═════ Exercise data

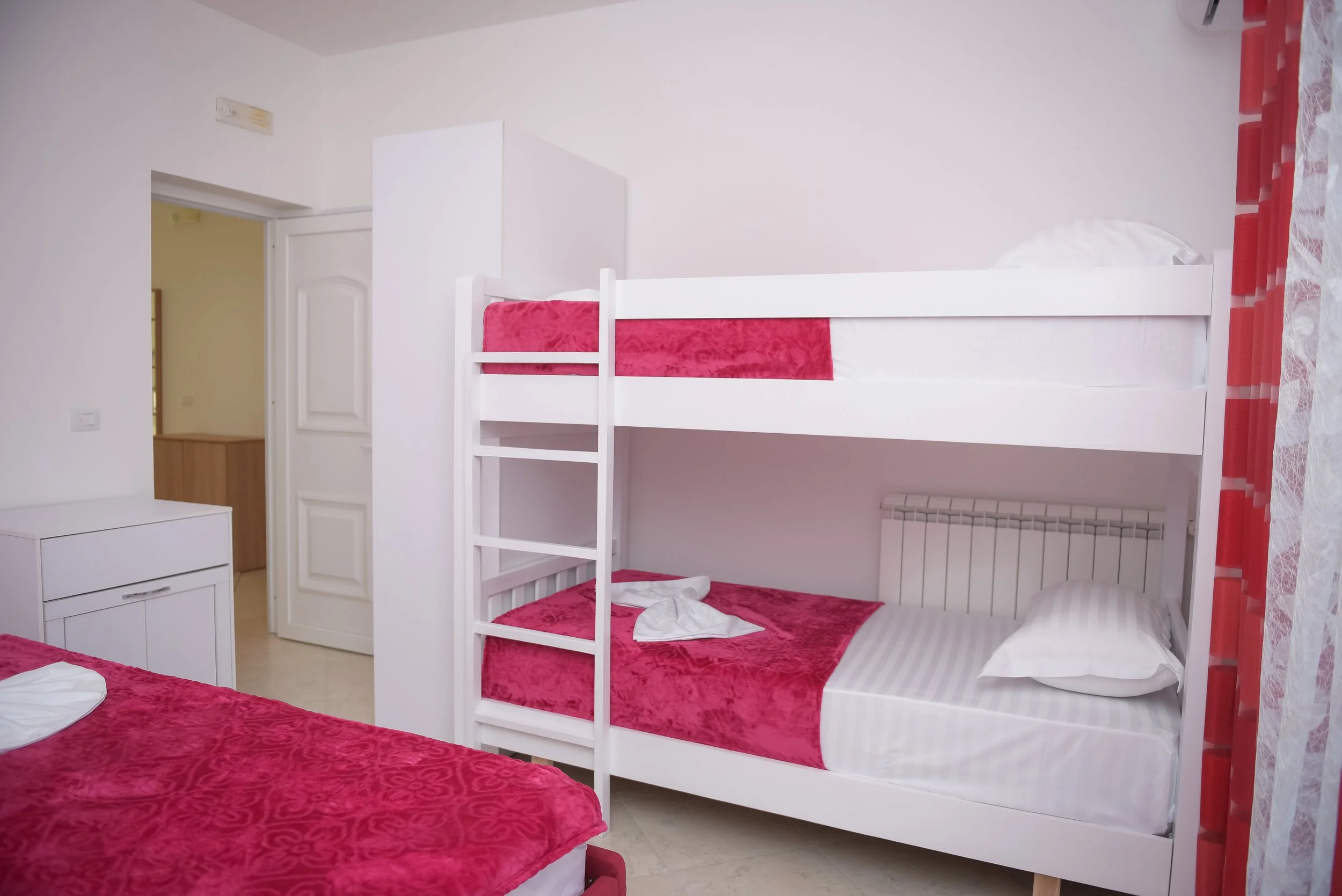 Camera con un letto a castello bianco, con lenzuola rosse e cuscini, in una stanza con pareti bianche e tende rosse e bianche, e una porta bianca aperta sulla sinistra.
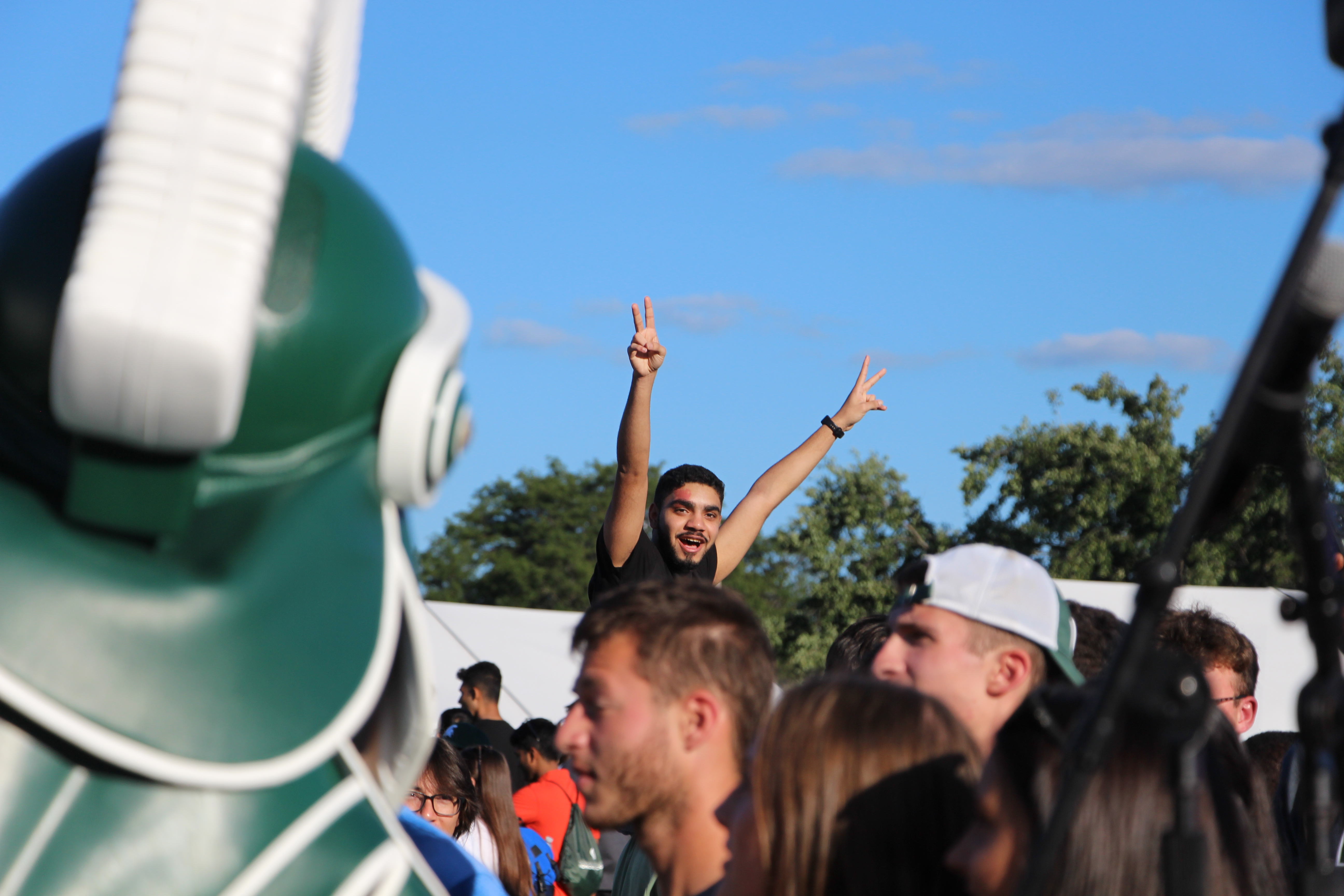 Student posing in a crowd with Sparty in foreground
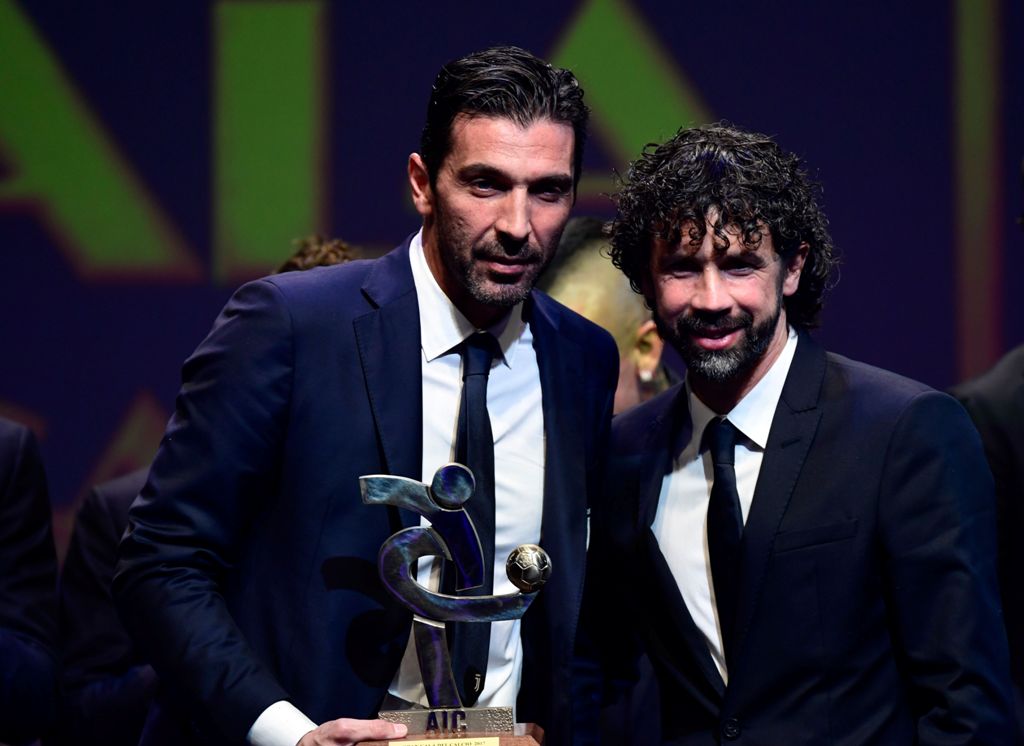 Juventus' Italian goalkeeper Gianluigi Buffon (L) poses with poses with AIC President Damiano Tommasi after receiving the 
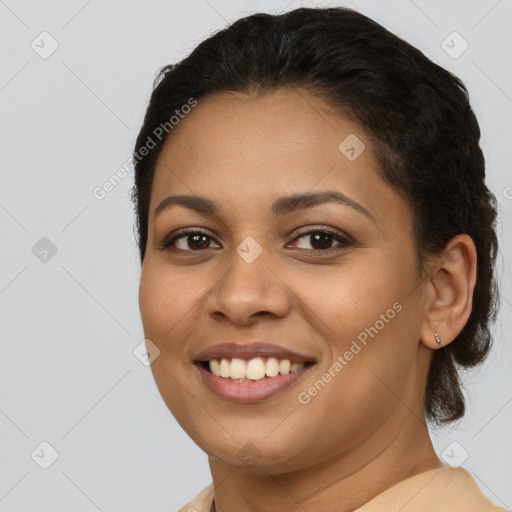 Joyful latino young-adult female with short  brown hair and brown eyes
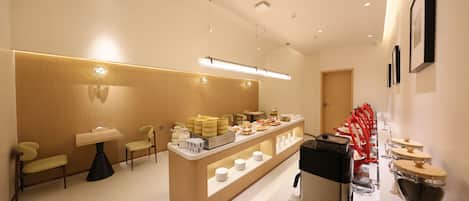 Un moderno vestíbulo de hotel con una recepción, zona de estar y un bufé con diferentes opciones de comida.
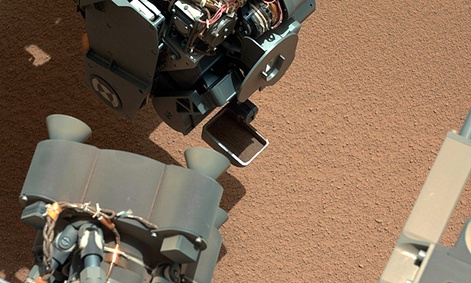The Curiosity Rover uses it's robotic arm to scoop sand.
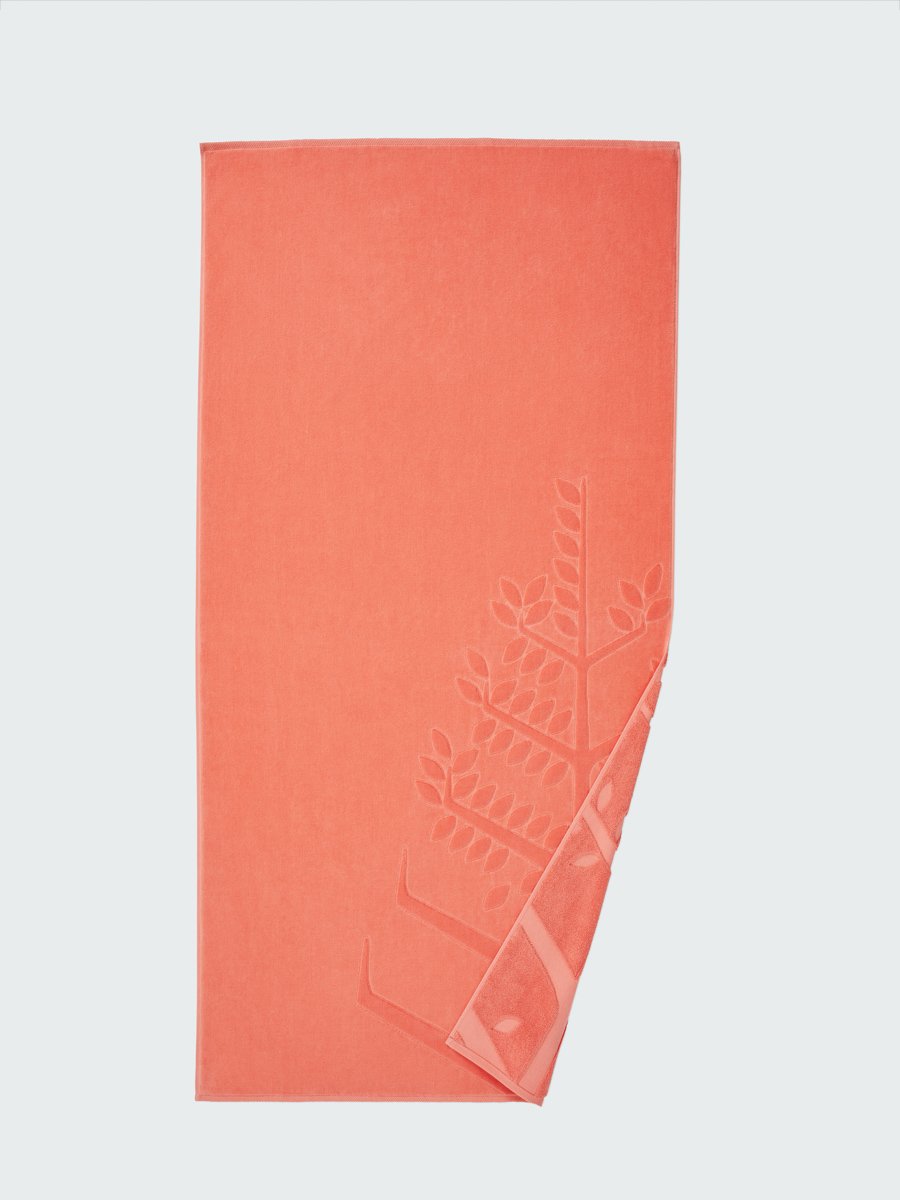 'Red Sea Coral' beach towel with an embossed Four Seasons logo. Part of the towel is folded back to reveal the same design on the bottom. - {{Red Sea Coral}}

══════════

• [Work item]:
An exact transcription is needed, covering the line with "The Curiosity Rover" and every line after it to the end of the entries, but not the pictures.

• [The completed task]:
The Curiosity Rover uses it's robotic arm to scoop sand.
 'Red Sea Coral' beach towel with an embossed Four Seasons logo. Part of the towel is folded back to reveal the same design on the bottom. - {{Red Sea Coral}}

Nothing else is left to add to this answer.